Natranaerobius thermophilus is an unusual anaerobic extremophile, it is halophilic and alkalithermophilic; growing optimally at 3.3–3.9 M Na +, pH 50 °C 9.5 and 53 °C. The ATPase of N. thermophilus was characterized at the biochemical level to ascertain its role in life under hypersaline, alkaline, thermal conditions. The partially purified enzyme (10-fold purification) displayed the typical subunit pattern for F-type ATPases, with a 5-subunit F 1 portion and 3-subunit-F O portion. ATP hydrolysis by the purified ATPase was stimulated almost 4-fold by low concentrations of Na + (5 mM); hydrolysis activity was inhibited by higher Na + concentrations.
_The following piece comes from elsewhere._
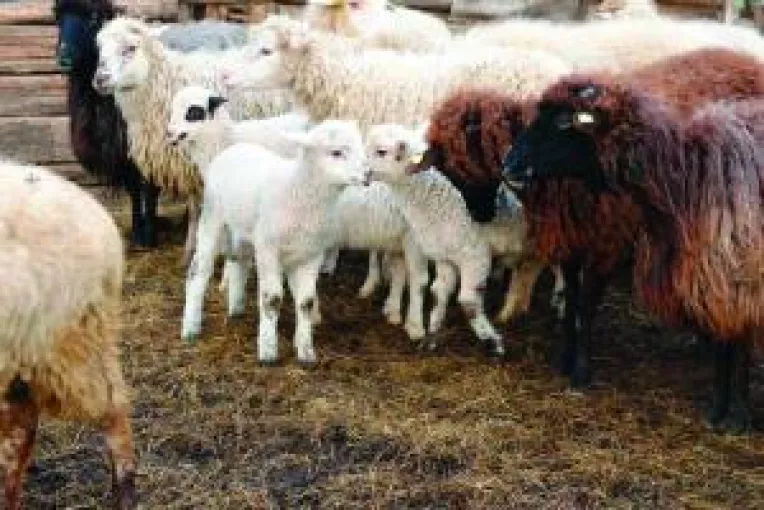 Numai mieii cu crotalii vor fi sacrificati de Paste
Partially purified ATPase was alkaliphilic and thermophilic, showing maximal hydrolysis at 47 °C and the alkaline pH 50 °C of 9.3. ATP hydrolysis was sensitive to the F-type ATPase inhibitor N,N′-dicylohexylcarbodiimide and exhibited inhibition by both free Mg 2+ and free ATP. ATP synthesis by inverted membrane vesicles proceeded slowly and was driven by a Na +-ion gradient that was sensitive to the Na +-ionophore monensin. Analysis of the atp operon showed the presence of the Na +-binding motif in the c subunit (Q 33, E 66, T 67, T 68, Y 71), and a complete, untruncated ε subunit; suggesting that ATP hydrolysis by the enzyme is regulated. Based on these properties, the F 1F O-ATPase of N. thermophilus is a Na +-translocating ATPase used primarily for expelling cytoplasmic Na + that accumulates inside cells of N. thermophilus during alkaline stress. In support of this theory are the presence of the c subunit Na +-binding motif and the low rates of ATP synthesis observed. The complete ε subunit is hypothesized to control excessive ATP hydrolysis and preserve intracellular Na + needed by electrogenic cation/proton antiporters crucial for cytoplasmic acidification in the obligately alkaliphilic N. thermophilus.